Representations of Reality

Dear Editor: I have one or two thoughts about Paul Doolan’s ‘Get Real’ (Issue 146), in which he considers what ‘the real world’ is. First, Doolan says Immanuel Kant thinks our knowledge of the ‘thing-in-itself’ (Ding-an-sich) is ‘limited’ and ‘imperfect’, but for Kant, the Ding-an-sich is an idea of pure reason and we have no direct sensory knowledge of it, and never could have. It is also wrong to say that Kant thinks “We never observe causation directly.” Quite the opposite: causation is part of the order of our phenomenal (sensory) experience. On the other hand, for Kant there is no in-itself causation that our experience of causation somehow ‘represents’.

I also found puzzling this claim: “the closer we come to creating accurate representations of the real, the further the real recedes.” For Kant (and I think he was right) our representations are empirically real, so we might as well call them ‘the real world’. Science doesn’t discover the in-itself world; it just adds more detail to our sensory experience.

Talking about life in a digital age being unreal is a different issue. Watching films and ordering food online is part of reality. We might call it ‘unreal’ in the sense of trivial, or trashy, but it is real.

Kant also deals with Nick Bostrom’s idea that everything could be a simulation. If like Neo in The Matrix we found out that we’ve been in a simulation, our new reality would be the ordered experience of the world in which this was discovered. We would have then learned that the real world was more complicated than we thought it was, but not because we have discovered an underlying reality beyond all experiences.

Robert Griffiths, Godalming

Dear Editor: In his article in Issue 146, Paul Griffiths points out some problems with ‘direct realism’, the belief that we perceive objects as they really are independent of the perceptions. That belief can be undermined by understanding the physical processes involved in perception.
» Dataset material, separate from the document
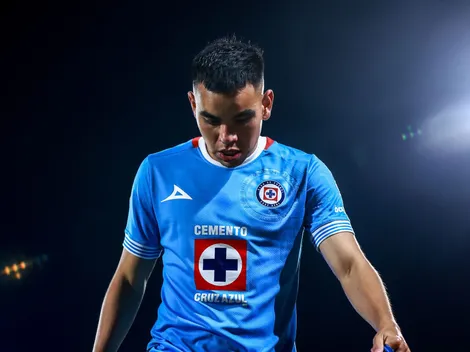 Charly Rodríguez rompió el silencio sobre su renovación en Cruz Azul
A different issue is that subjective experience of the world does not have the same properties as anything physical that’s being perceived. Anything composed of matter will have properties relating to its mass, structure, chemical composition, and electrical charges, as well as properties concerned with its location in relation to every other feature of the physical universe. This fact alone means that the properties possessed by any physical thing are vast. The same applies to the properties of any feature of a physical thing. The truth about what any physical thing really is includes the information about all its properties, because it is the thing that has those properties.

What then about the properties of subjective experience? These are limited to the properties of the experiential content. In other words, its properties are the properties of whatever is subjectively perceived, felt, or thought in that experience. For an experience to have the same properties as a physical thing, the experience would have to include complete information on that physical thing’s location in relation to every other detail of the universe. There is no known case of a subjective experience having such properties. So there is a fundamental difference between what is perceived and the perception of it.
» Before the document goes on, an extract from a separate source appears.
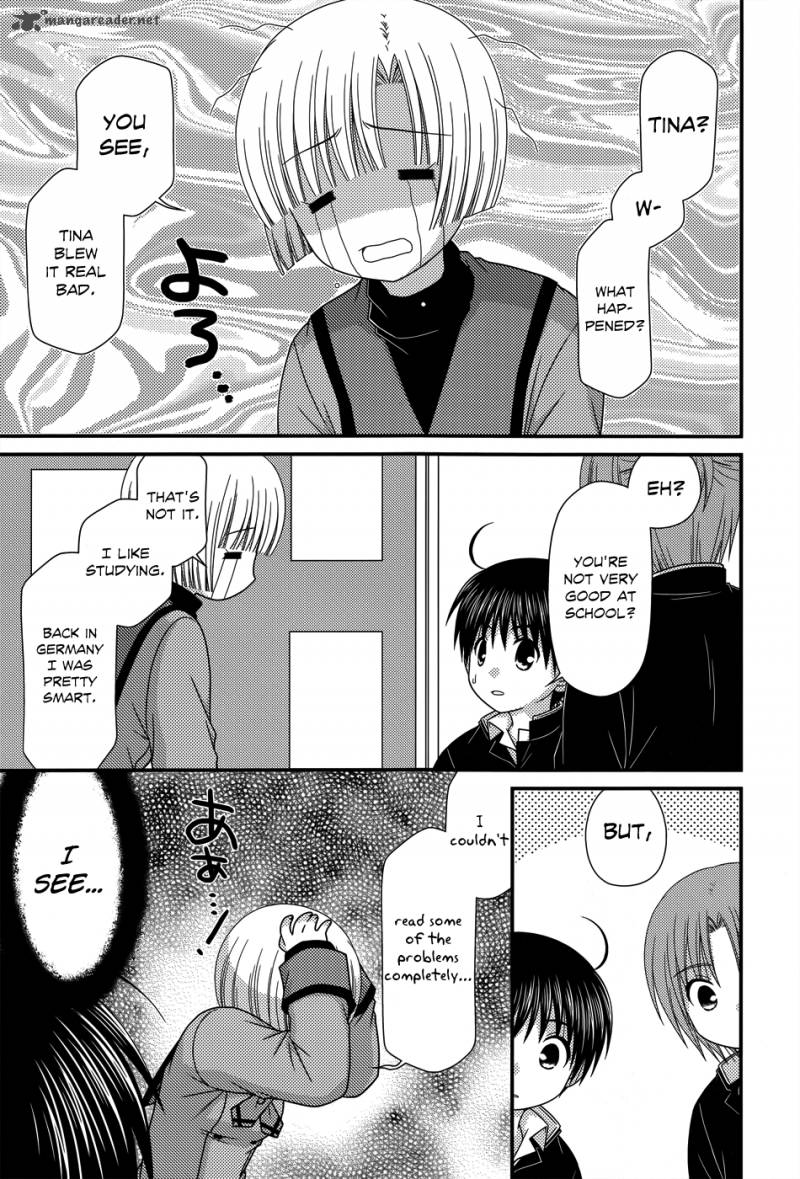 Tonari No Kashiwagi San Chapter 52 Page 16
Peter Spurrier, Halstead, Essex

Dear Editor: In his Editorial in Issue 143, Rick Lewis wrote that experience is ‘internal representations’, these representations being connected to the external world causally. I would however contest that what I experience is the world directly (and the world is out there). One can guess what it could be like to experience the world without our conceptual framework – how it would be to see a chair as patterns of colours, without seeing it as a chair as defined by our public agreement of what a chair entails. Perhaps it is rather like hearing sounds before realising that it is someone speaking English. But we see a chair when we look at a chair, not a representation of a chair! The preconditions of being able to do this are having a working brain and sense apparatus. These enable us to have experiences, but they are not the experiences themselves. What go on in the brain are neurological processes, not ideas. Ideas can be found in the mind, not the brain. The problem of regarding experience as representations in the brain, or even in the mind, is demonstrated by the problem of how we then can ever know what really goes on in the world. With representation we have lost the objective reference point where I can check with others whether what I thought I experienced was true. A painting can represent a chair, but then we can discuss whether it fulfils the criteria for being a representation or not: the reference is public, as opposed to supposed representations in our minds.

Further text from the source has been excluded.